Fotos por Paula Serreal

10 comentários:

Poetas do Caos disse...

Espero receber mais visitas como a sua aqui na Oficina! Estão todos convidados! Viu como o Mattos é um ótimo vendedor de cds? kkkkkkk ! Parabéns pelo texto!

Ciro Gonçalves disse...

Só li os 3 primeiros parágrafos, seu preconceituoso. Depois eu leio o resto.

HG disse...

Eu fui de última hora ao show, não tão empolgado, afinal, não ouvia Oficina desde a saída do PG - antigo vocalista. Mas o Mauro, preciso adimitir, me surpreendeu. Aliás, toda a estrutura montada estava de parabéns.

Melhor ainda foi ler seu texto. Nem acredito pra falar a verdade. Dificilmente, depois de uma mente formada, alguém se abre a experimentar as novidade ao ponto de abrir mão dos seus preconceitos e mais ainda, opinar de forma condizente com os fatos, não firmado no "achismo".

Matar-te ganhou meu coração!
:D

PatiStröher disse...

Eu só resolvi comentar deivo à insistência do perfil do Matarte no Twitter. ok?!?! Mas, que fique bem claro, eu sempre leio o Blog e acho o máximo... só não sou de dar muito pitaco por aqui.
Gostei do texto, mesmo não curtindo a banda. Só fiquei com raiva porque o meu final de semana foi obrigatóriamente entre quatro paredes e na frente de um computador. Hahahaha
Enfim, parabéns pelo texto. ;)

96 ROCK disse...

Obrigado por nos avisar desse show Bauducco. Eu fui graças ao aviso na comunidade do Tendencies. E melhor ainda por eles(Oficina G3)terem tocado todo o disco(Depois da Guerra),com exceçao de 2 musicas. Ainda encontrei o nobre acadêmico la no show,hehehe. Só faltou ver o Fernandão(Poetas do Caos)

Tácio Pimenta disse...

Eu tinha um cd do Oficina, há um tempo atrás, e curiosamente o intercalava com algum do Metallica na hora de sentar em frente ao microsystem e tentar tirar algum riff de ouvido... massa, instruMETAL dos bons.
Mas o que me interessou mesmo foi a tal casa do Cláudio, pela sua narrativa (ou pela minha imaginação...) pareceu ser surreal.

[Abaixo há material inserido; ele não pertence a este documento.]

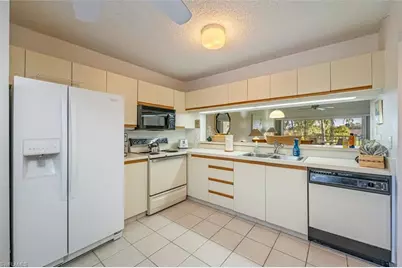 5975 Bloomfield Cir #C302, Naples, FL 34112 - Photo 8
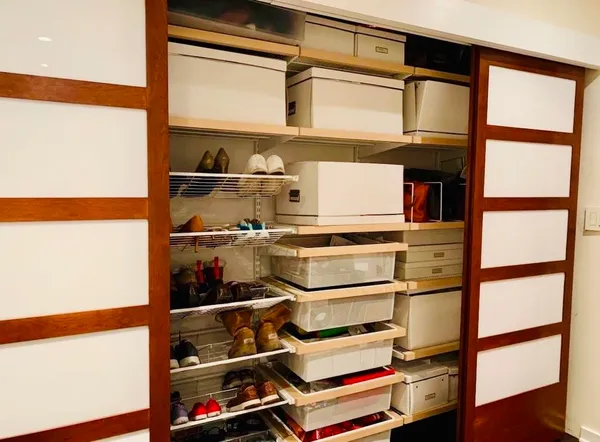 a refrigerator with wooden floor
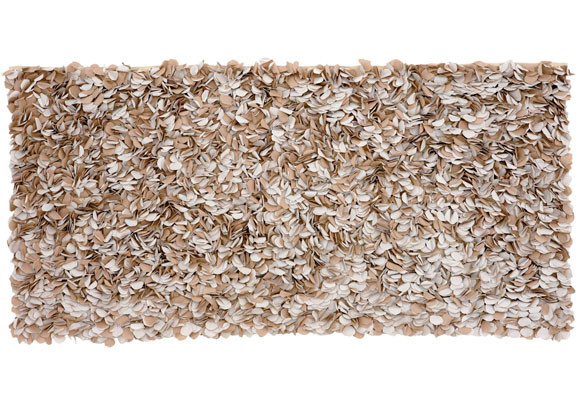 Una alfombra como cabecero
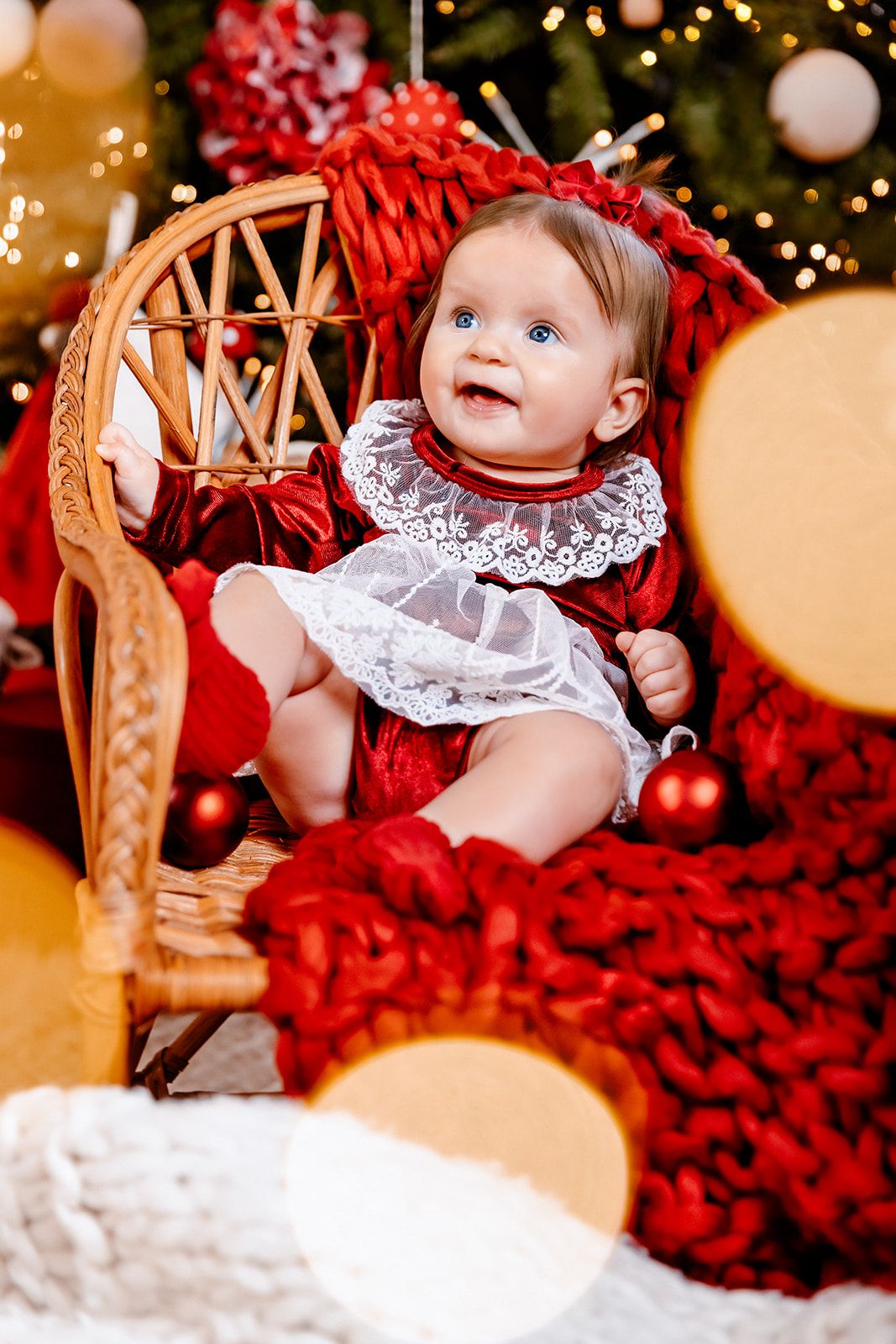 Adorable baby girl in red velvet dress with lace collar sitting in wicker chair by decorated Christmas tree.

p.s.: sempre fui da idéia que pobre dá carona mais facilmente que os ricos medrosos, mas tbm já fui surpreendido por um utilitário confortável e solidário qdo não havia mais esperanças...

Macagi disse...

Aproveitando para convidar os leitores e a turma do matar-te para o primeiro "Sarau na Oficina" e inauguração do Oficina Bistrô, neste sábado dia 22 a partir das 20h. Aqui na sede da oficina Geral em Paraíso, local onde recebi a visita do amigo Bauducco. Vai ter um violão e umas caixas de som pra galera interagir, exposição de artes e recital de poesias. Tudo simples e natural, como vocês puderam conferir no post. Ah! Ainda vai ter macarronada free até as 22h. rs

Malu Motta disse...

Já tinha lido bons textos seus, Señor Daniel, mas a qualidade deste está indiscutível. Li este com todo o gosto! Acho até que este pertence ao Jornalismo Literário, de tão interessante e bem escrito.

Esmalte Descascado disse...

ôoo coisa linda de Deus é ler um texto grande, com os olhos ardendo de sono e se sentir confortável e curioso a cada parágrafo.

:)

enio disse...

muito bom cara, gostei pra caralho do texto, so lembrei de ler agora, antes tarde do que numca um abraço.